Le film joue à chat avec le spectateur, il déjoue les plans en permanence : il y a un macguffin dans la plus pure tradition hitchcockienne mais pour le reste la mise en scène – sobre mais s'appuyant, à l'instar d'un David Fincher dans The Social Network (2010), sur des lieux et leur cadre pour définir les protagonistes – ne joue jamais le jeu des fausses pistes alors que les rebondissements ne cessent pourtant de s'amonceler. Surtout le centre du film est mouvant. Alors que l’introduction laisse supposer que Simin sera le centre de l’histoire, c’est sur Nader que toute l’attention est portée puis peu à peu celui s’efface derrière Razieh à la tâche avec le malade, puis retour sur Nader, Simin et Hodjat. Les personnages ne sont cependant pas là pour défiler : ils existent vraiment et leurs trajectoires sinueuses et emmêlées donnent soudain le vertige. Les personnages, pour lequel le réalisateur a une vraie tendresse, ne sont fondamentalement pas mauvais mais leurs actions ne sont pas forcément bonnes, leurs motivations bien plus floues que leur discours… Par exemple, le spectateur occidental aura tôt fait de prendre le parti de Simin, une femme, nantie et éprise de liberté, dans une société partagée entre une certaine modernité économique et un carcan religieux appuyé.
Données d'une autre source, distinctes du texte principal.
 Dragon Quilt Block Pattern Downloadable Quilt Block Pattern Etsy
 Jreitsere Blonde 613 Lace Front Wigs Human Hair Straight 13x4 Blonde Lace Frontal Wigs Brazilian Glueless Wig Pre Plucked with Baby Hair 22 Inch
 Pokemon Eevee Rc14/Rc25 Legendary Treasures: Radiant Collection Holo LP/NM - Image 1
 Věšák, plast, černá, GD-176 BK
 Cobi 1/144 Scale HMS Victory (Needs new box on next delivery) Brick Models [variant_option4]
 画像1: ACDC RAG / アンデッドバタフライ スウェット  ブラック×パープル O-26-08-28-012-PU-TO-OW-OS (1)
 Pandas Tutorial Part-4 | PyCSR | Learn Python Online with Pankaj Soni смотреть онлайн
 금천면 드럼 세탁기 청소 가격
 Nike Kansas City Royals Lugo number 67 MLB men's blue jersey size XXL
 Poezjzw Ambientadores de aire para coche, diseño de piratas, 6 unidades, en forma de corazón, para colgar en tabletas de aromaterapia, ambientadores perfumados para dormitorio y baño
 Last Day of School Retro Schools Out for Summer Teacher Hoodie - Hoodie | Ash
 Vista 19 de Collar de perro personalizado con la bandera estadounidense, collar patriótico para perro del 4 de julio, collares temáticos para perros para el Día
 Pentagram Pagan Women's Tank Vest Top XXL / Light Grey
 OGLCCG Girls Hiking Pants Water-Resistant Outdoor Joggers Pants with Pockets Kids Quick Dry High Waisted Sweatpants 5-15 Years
Mais pourtant, la façon dont elle accable son mari, avec laquelle elle met la pression sur sa fille... rend le personnage – qu'il soit dans son bon droit ou non – assez dur. Et nous pouvons même y voir un film polycentriste tant l'œuvre peut se lire à l'aune de chacun des personnages[1].
Nader
Ainsi, au-delà de la radioscopie de la société iranienne, c'est bien l'individu social face à la Vérité qui est ici décrit. Ses petits aménagements[2], les mensonges qu'on se fait à soi-même (thème cher à Christopher Nolan pour prendre exemple sur un autre type de cinéma) sont ici exposés à de multiples degrés (l'individu, la famille, la société) pour in fine faire supporter le poids des décisions à Termeh. Et l'adolescente, à la frontière de l'âge adulte, devient à son tour le centre du film et nous laisse comme ses parents, plongés dans le doute et dans un état qui ne peut être qu'introspectif. Un des films de l'année.
nolan
Note de nolan : 4
Note d'Antoine Rensonnet : 4
Une séparation (Asghar Farhadi, 2010)
[1] Sur ce point, lire Quel centre pour la règle ? de mon acolyte Antoine Rensonnet
[2] Nous remarquons même que la très jeune fille de Razieh jure de "ne rien dire à papa" à un passage clé du film prenant conscience que cette omission se fait pour le bien de tous.